Extract chapters from Youtube Media

Youtube recently got this “chapter” concept where it fragment a long video with chapters. I think this data might be parsed from the description of the video done, as they already parse any timestamp available for a while now.

Thanks to youtube-dl, we can download thena video and the metadata which now contains this chapter data.

$ youtube-dl --write-info-json -x --audio-format mp3 https://www.youtube.com/watch?v=HZTStHzWRxM
[youtube] HZTStHzWRxM: Downloading webpage
[info] Writing video description metadata as JSON to: The New Youtube Chapter Timestamp Feature-HZTStHzWRxM.info.json
[download] Destination: The New Youtube Chapter Timestamp Feature-HZTStHzWRxM.webm
[download] 100% of 3.22MiB in 00:00
[ffmpeg] Destination: The New Youtube Chapter Timestamp Feature-HZTStHzWRxM.mp3
Deleting original file The New Youtube Chapter Timestamp Feature-HZTStHzWRxM.webm (pass -k to keep)

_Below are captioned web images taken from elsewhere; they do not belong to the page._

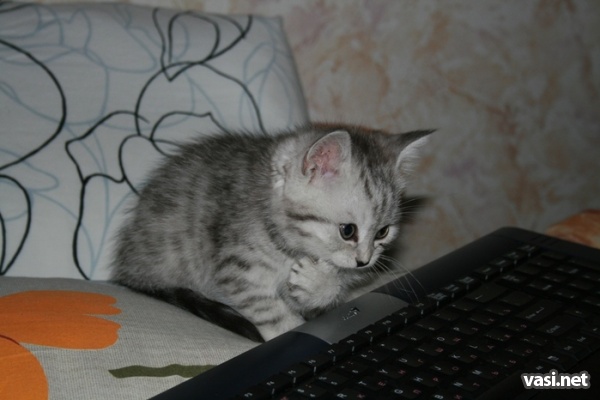  (600x400, 64Kb)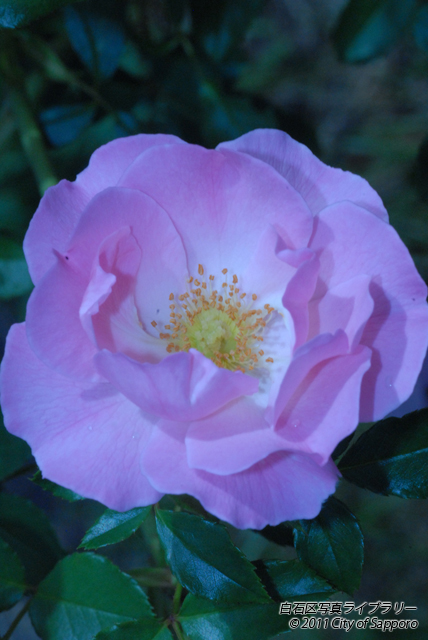 画像：白石区の花「バラ」１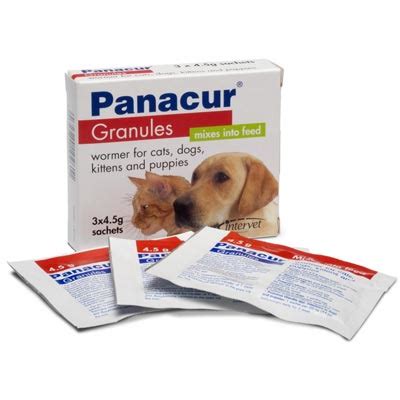 Panacur Granules for Dogs: Your Guide to Effective Deworming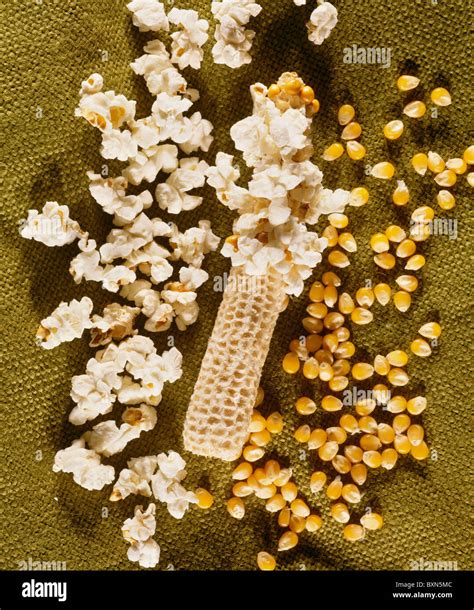 POPCORN, PEARL TYPE (ZEA MAYS EVERTA) / STUDIO Stock Photo - Alamy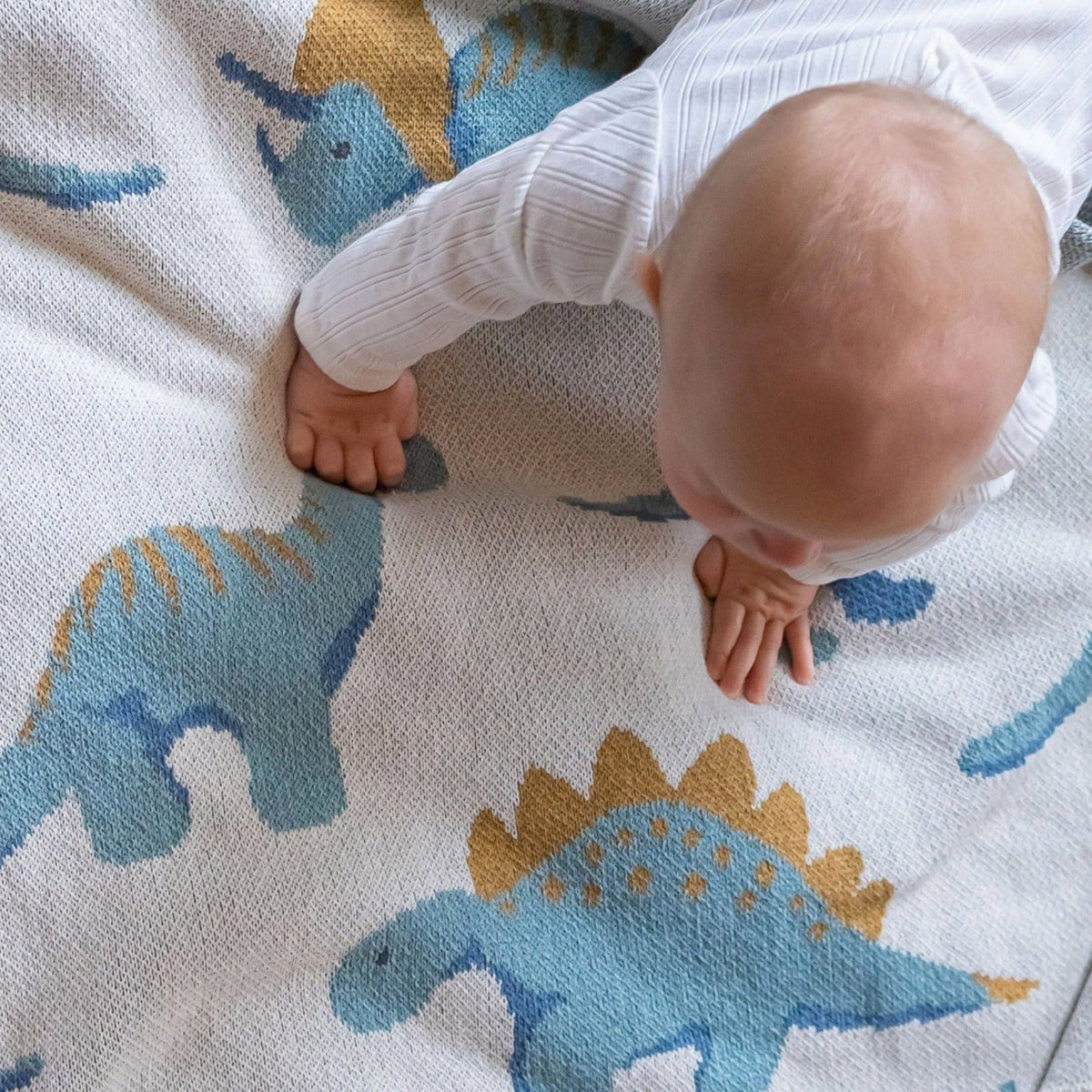 Baby Dinosaur - Cotton Knit Blanket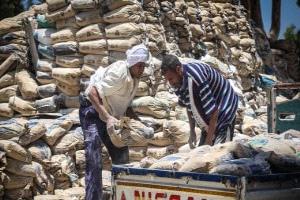 ثبات أسعار الأسمنت يعكس توازن السوق وقوة التصدير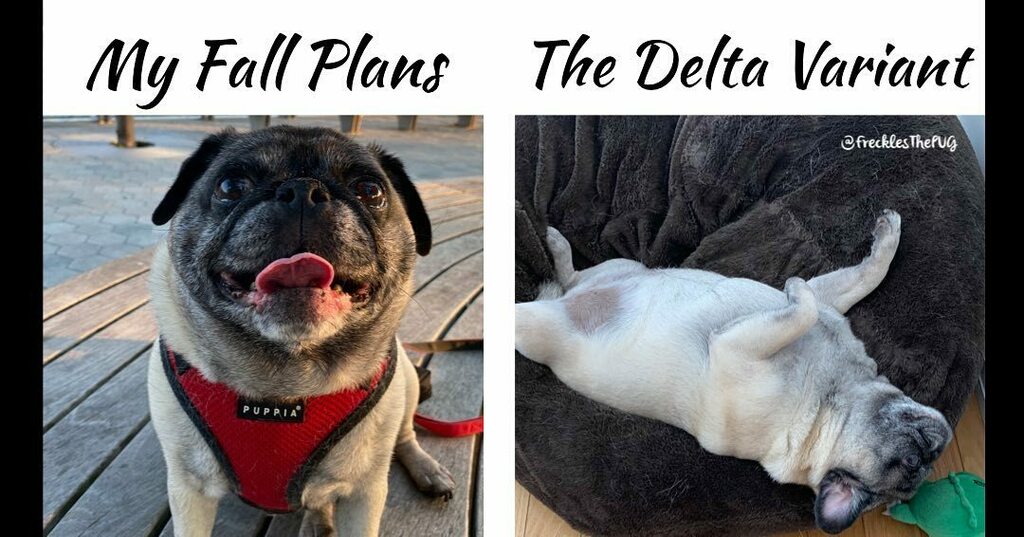 FrecklesThePUG's tweet image. these covid variants are starting to Greek letters i don&apos;t even know 
#pug #deltavariant #lambdavariant instagr.am/p/CSrFkdsH9ac/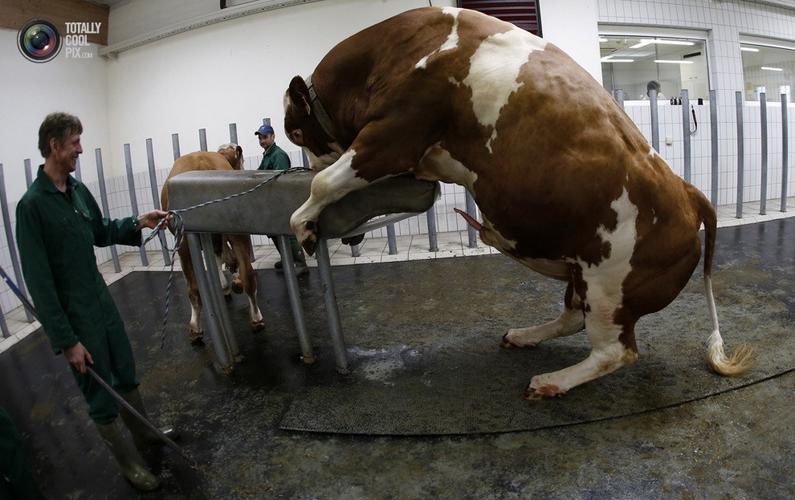 4月9日,霍亨泽尔村的牛人工授精中心,饲养员约翰尼斯注视着即将射精的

We will use https://www.youtube.com/watch?v=HZTStHzWRxM as example.

The command above will download the video file, transcode it to mp3 and also download the metadata in a json format. We have now 2 files :

  • The New Youtube Chapter Timestamp Feature-HZTStHzWRxM.info.json that contains data
  • The New Youtube Chapter Timestamp Feature-HZTStHzWRxM.mp3 that is the media

jq is a wonderful command line to manipulate json on bash. We can for example get the title of the video like this :

$ cat The\ New\ Youtube\ Chapter\ Timestamp\ Feature-HZTStHzWRxM.info.json | jq -r .title  | sed -e 's/[^A-Za-z0-9._-]/_/g'

The_New_Youtube_Chapter_Timestamp_Feature

The sed here is to make sure we won’t have special characters that might lead to some error later.

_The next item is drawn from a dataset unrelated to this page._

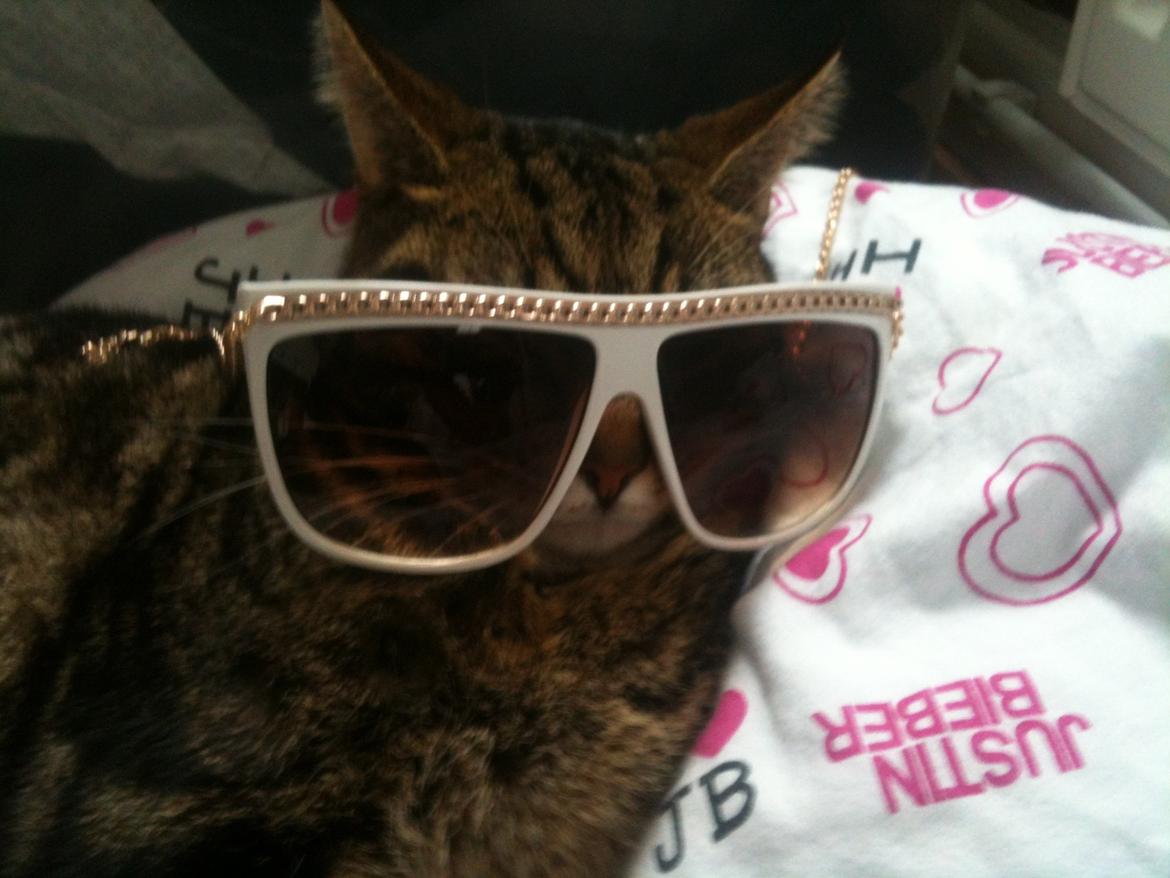 Huskat Winzet (Baby) billede 7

The -r on jq indicate to return “raw text”. By default, jq will use some syntax colorization and keep some sepcial character that might leads to some issue.

If available, Youtube-dl info json contains a chapters array that contain all the chapters with their start_time , end_time and title .

$ cat The\ New\ Youtube\ Chapter\ Timestamp\ Feature-HZTStHzWRxM.info.json |\
jq -r '.chapters[]'

{
  "start_time": 0,
  "end_time": 17,
  "title": "The new feature"
}
{
  "start_time": 17,
  "end_time": 76,
  "title": "Slow roll-out"
}
{
  "start_time": 76,
  "end_time": 124,
  "title": "How it works"
}
{
  "start_time": 124,
  "end_time": 180,
  "title": "Problems / suggestions for the future"
}

The idea now is to use each dict entry here as parameters for ffmpeg to split the media according to the chapters data. As we are in bash, current json representation will be quite hard to use it like that, so we need to transform a little bit the representation here to use the output of jq in a pipe and in xargs.

What also we need to take into consideration is that ffmpeg can split a media by giving the option -ss to know where to start and -t to know the duration of the cut, not the end time. As the information on the json gives us a start and end time, we need to perfom a simple substraction to have the start time and the duration.

$ cat The\ New\ Youtube\ Chapter\ Timestamp\ Feature-HZTStHzWRxM.info.json  |\
jq -r '.chapters[] | .start_time,.end_time-.start_time,.title ' |\
sed 's/"//g'

0
17
The new feature
17
59
Slow roll-out
76
48
How it works
124
56
Problems / suggestions for the future

Thanks to jq, we can perfom simple math operation directly on the command to compute the duration. sed here again is only for cleaning up special characters.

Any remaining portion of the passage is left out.